Data extracted from a collection
-------------------------
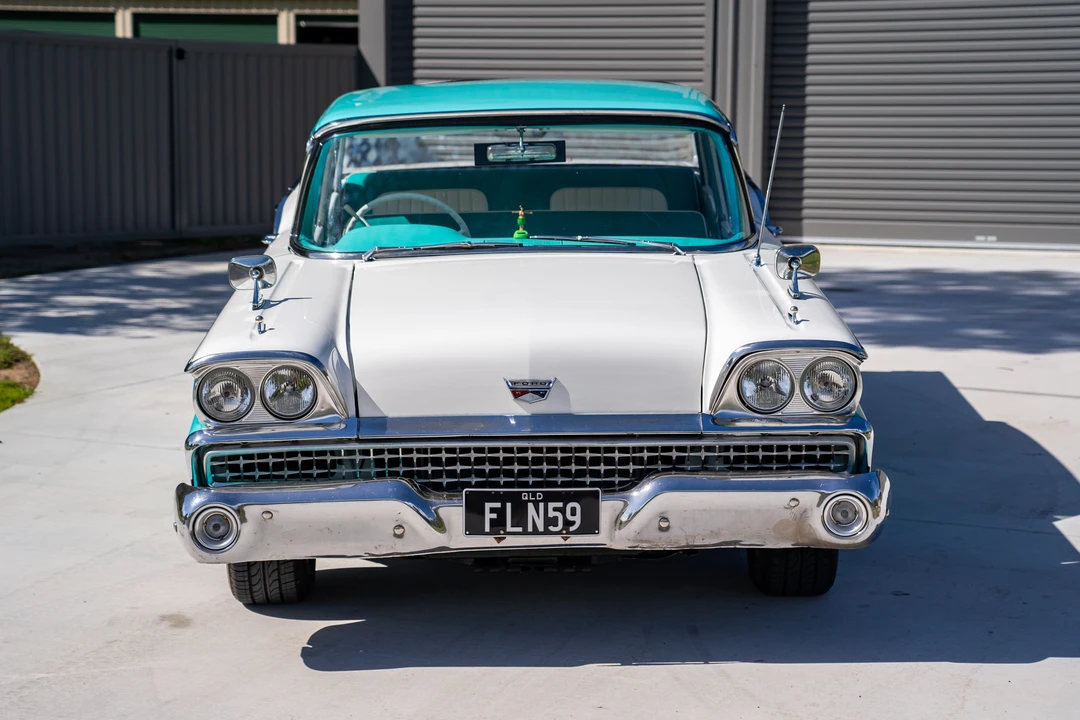 1959 Ford Fairlane 2nd Gen - Image 3 of 31
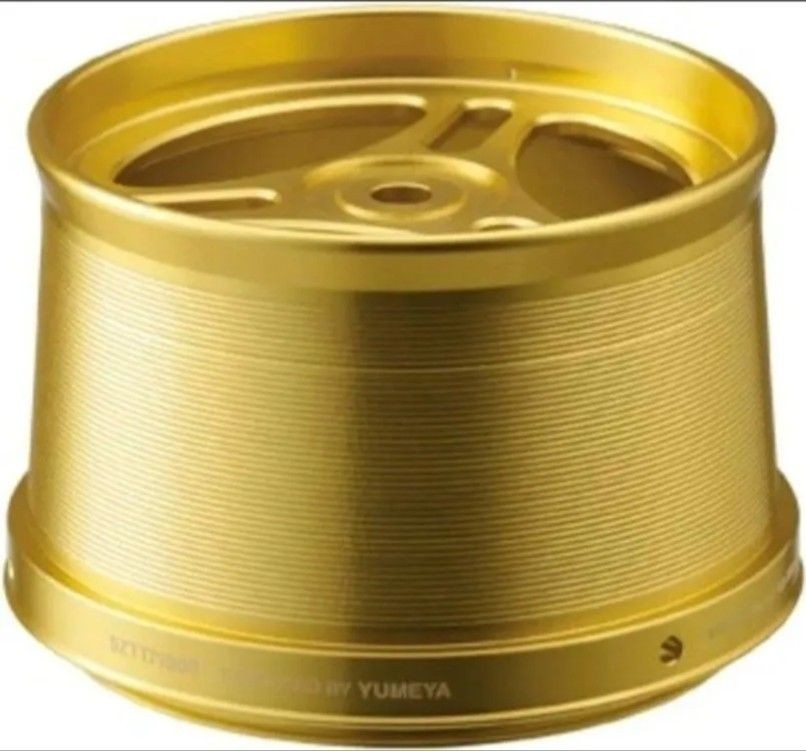 New SHIMANO Yumeya Super Aero 1.5 Aluminum Forged Spool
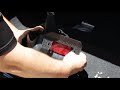 Fishbone Offroad Tail Light Guards (Part Number: FB21119) Fishbone Offroad Tail Light Guards - JL
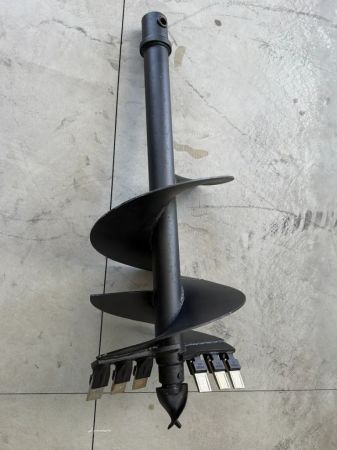 Mini Skid Attachment - Auger Drill - 450mm image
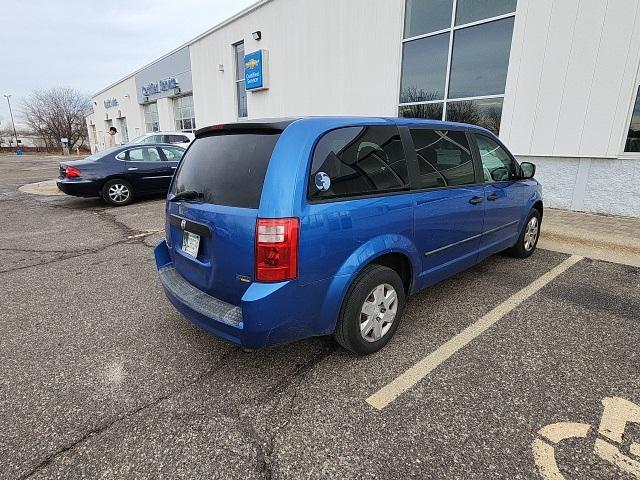 2008 dodge grand caravan se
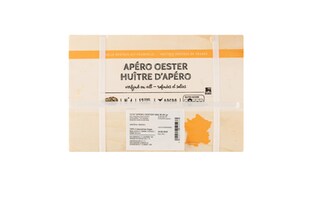 Delhaize | Huîtres | Apéro 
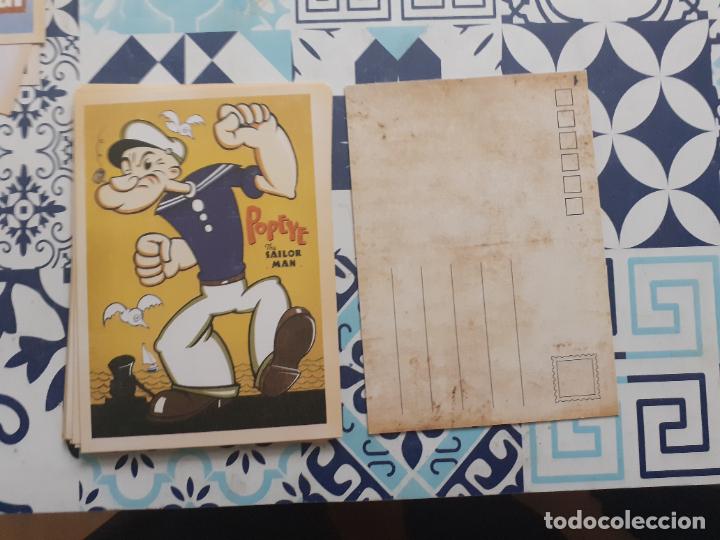 Postales: popeye the sailor postcard postal - Foto 1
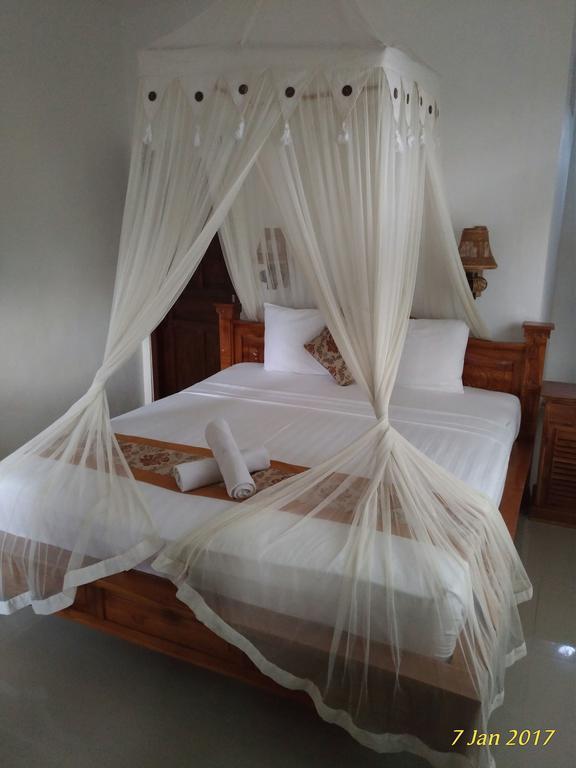 Praety Home Stay Ubud Extérieur photo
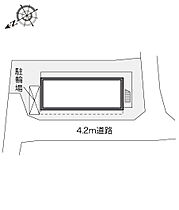 兵庫県西宮市神園町（賃貸アパート1K・1階・19.87㎡） その3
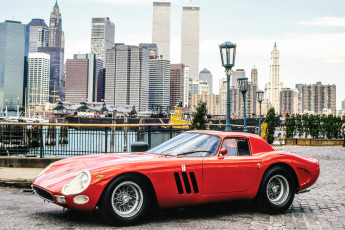 Картинка автомобили ferrari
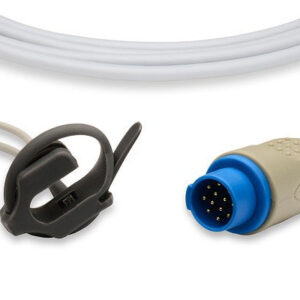 Mennen Compatible Direct-Connect SpO2 Sensor / Neonate Soft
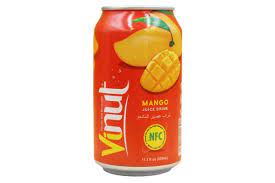 Vinut Mango Juice Drink 330ml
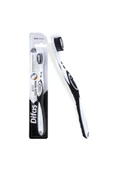 DİFAŞ LOVE YOUR TEETH DİŞ FIRÇASI SİYAH-BEYAZ - 1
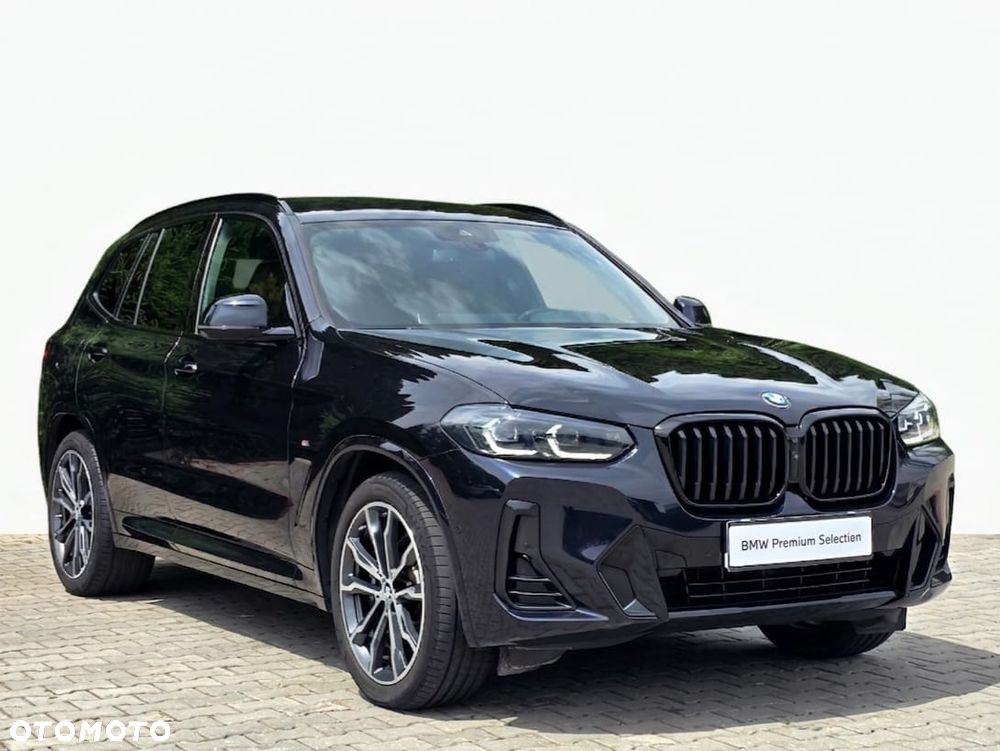 BMW X3 xDrive30d mHEV M Sport sport - 7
-------------------------
» WORK ITEM
Please output exactly the lines from the line containing "Mennen Compatible Direct-Connect" through the last line of the records above, both included, and leave out any pictures.

» PROBLEM SOLUTION
 Mennen Compatible Direct-Connect SpO2 Sensor / Neonate Soft
 Vinut Mango Juice Drink 330ml
 DİFAŞ LOVE YOUR TEETH DİŞ FIRÇASI SİYAH-BEYAZ - 1
 BMW X3 xDrive30d mHEV M Sport sport - 7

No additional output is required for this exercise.